Stray Kids - Hellevator
It's been just over two years since JYP Entertainment has introduced us to a new boy group, and if you don't count DAY6 since they're technically a band, then it's just shy of four years. It's safe to say that there's always an air of hype around new groups from any of the big three companies, so the members of Stray Kids had some expectations to meet even before they were even set to be a group. From the teaser it sounded like we would be getting a sort of mish-mash of genres slammed into the same song, so that's what I expected going into this music video.
The song starts off with a soft piano, similarly to the teaser although this time it's layered beneath nearly whispered vocals. It barely takes any time for the song to suddenly shift into heavy fluctations of bassy synth slapped beneath an impressive rap verse. The drums are barely present, and they fade completely as we hit the pre-chorus which is almost entirely comprised of piano and a spacious synth sizzling in the background. The drums return midway through it to build up to the chorus, which is mostly just a drop while the boys sing about them being in a hellevator on top of it.
Let me start off by stating that this is a pre-debut music video, so there are key differences in what the aim of this is. A pre-debut song is supposed to rouse interest in the group. Whether that is by showcasing a unique sound or style, by including some kind of quirk that would be of interest to viewers or listeners, or just by hammering raw talent into your face. Regardless, the point is that this song isn't supposed to be something that's going to dominate the charts. I don't expect it to in the least, really.
I don't think there's really anything in this song that's very catchy, and it certainly does not strike me as something that I'm going to put on just to listen to. It manages to continue the trend of disjointed pieces that are two genres poorly combined that never come to a semblance of unity or coherence, which is something I'll likely never be a fan of. All of that being said, I think that the song serves its purpose in showcasing the talent that's there. The raps are incredibly well done, especially for a group that has not debuted yet. The vocals are not the greatest, but you can hear the potential that's there as a base. In terms of displaying the promise of the group, I think that "Hellevator" does an excellent job.
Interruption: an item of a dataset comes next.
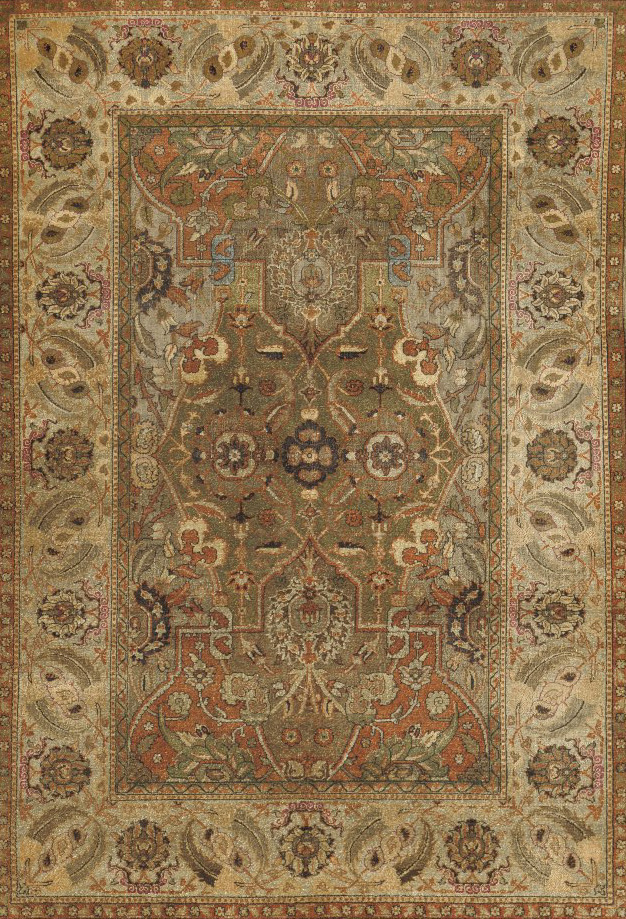 Antique Turkish Silk Rug Sold For £2000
The video has pretty high production values considering it's only for a pre-debut. There's tons of interesting venues that the boys are in, and each feels coherent to the overall feel. There's a pretty heavy red draped over a lot of the scenes which is probably to be expected from a song about a "Hellevator". In terms of what our plot is in this video, I'm absolutely clueless. As far as I can tell it's mostly symbolic imagery of the boys descending into what I thought would be hell. However, they end up running in some field that honestly doesn't look so bad, though at the end of the video it turns out that the sky is a city that's upside down?
I have honestly no ideas as to what goes on in this video other than some dance moves and somehow the Stray Kids ending up in some kind of inverse world, which I guess is where the Hellevator took them. I'm sure there will be a much better guess and explanation elsewhere that will make some sense of the video, but from a few watches I'm still lost as to what happened at all. Still, it is an interesting video with a ton of beautifully eerie scenes that keeps you captivated for its duration. Even with my lack of understanding for what all it actually means, and my lack of fondness for the song itself, I still found it entertaining and enjoyable.
Stray Kids have a lot of time to improve on what's been laid out here in their pre-debut. The dancing looked a little stiff, but that's something they can quickly rectify. The vocals weren't at mindblowing levels, but they were more than enough to power through the song. The raps are easily the strongest part of the group at this point, sounding like well-practiced veterans rather than trainees that haven't even debuted yet. Again, a pre-debut song is supposed to garner attention, curiosity, and hype for a group. "Hellevator" does exactly that, and even though some (including myself) might have been expecting more, the song still gets Stray Kids out there as a name to look out for.